When she stopped, I saw the branches reach out for the afternoon sky. The lines on the trunk formed a smile. Pretty soon it was night time and since Mag was old and sensible she was going to bed early. I asked if I could stay a little longer to be with the tree, which she didn’t take any issue with. I stood in the quiet, long after the bathroom lights had switched off and the stars had almost broken through the light pollution.
“Rob, mate.” I asked. “You there?”
And, with whistling tunes on the grass like an uncle on a gumleaf at the New Year’s Day lunch came, “Yeah mate, you’re looking right at me.” My instinct said scream but I couldn’t bring myself to disturb the neighbours. I climbed the back fence to check whether some kid was pulling off a perfect Rob impression in order to send me insane. With no one there, I turned back to the tree. Or Rob, I guess.
“Rob, mate, 100 per cent truth if you could. Are you uh… are you a tree now?”
“Yesss, I’m a tree ghost now. Here to haunt the gardens of sleepy old Morton, ooo, arr.” Then, the disembodied voice of Rob was cracking it, the leaves rustling along in time. “Nah, just joshin’ ya. Not a tree.”
“What are you then?”
“Ah. Fair enough.”
“Yea.” It took until about here for me to comprehend the fact that I was talking to a tree. I didn’t know it at the time but during my fruitful deep ‘n’ meaningful Kev had come home and seen me but went to bed without saying a word.
“Rob, I know we weren’t the closest of pals but can I ask you a coupla questions?”

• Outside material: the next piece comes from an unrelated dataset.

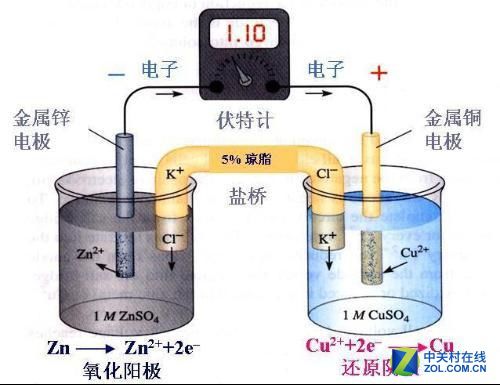 全球電池研發(fā)資金投入大，電池技術(shù)突破有多遠(yuǎn)？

“Sure whatever you need mate. Floating chairs? Get your future told? Tell you what, I’d stay away from bowling alleys if I were you.”
“Well I –”
“Wait. One condition.”
“Yeah, sure. Uh… what is it?”
“You heard Mum. Gonna need your piss.”
To be honest, I wasn’t too thrown by this. Especially since I’d downed three cups of tea since coming here. So honouring Rob’s memory was pretty easy, if only a little dehydrating.

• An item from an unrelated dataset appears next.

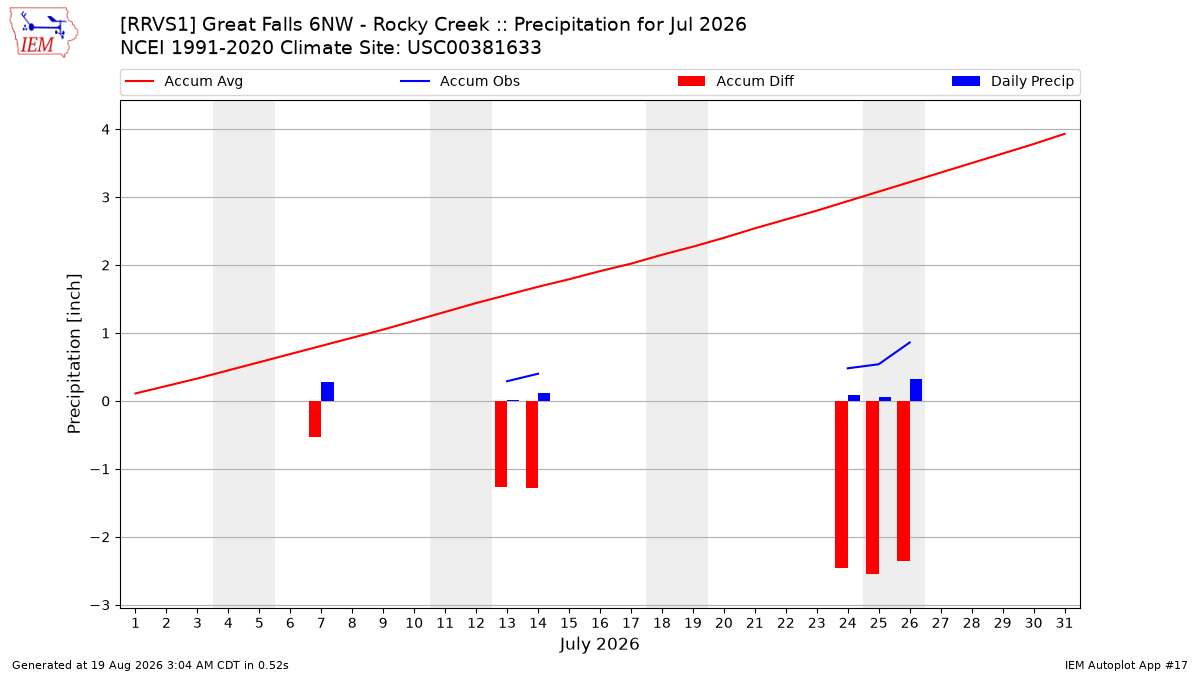 Monthly Plot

“Alright uh… do you mind? Being dead and all that?” I have to assume he paused here to shrug but I couldn’t actually tell.
“What am I supposed to feel?”
“I dunno? Why I asked you.”
“Not a lot I can do about it really.” I figured he could see me, so I tried to hide my disappointment.
“Alright. What’s it like then? Being dead?” He laughed again.
“Gonna make me say it again? If you’d done it before, you’d know why asking doesn’t matter.” Then he was gone. He just sort of left. The leaves blew a bit but for the first time that seemed coincidental. It took me a while to realise. I kept chatting to the pomegranates in the hope that I’d understand.
Rob was right though. There was only one way to actually understand and I don’t think I wanted to know enough to go through with it. The ghost is done with me and now I have to haunt my own cupboards. The noose is hung from the pomegranate tree and yeah nah mate, I’m SUDS.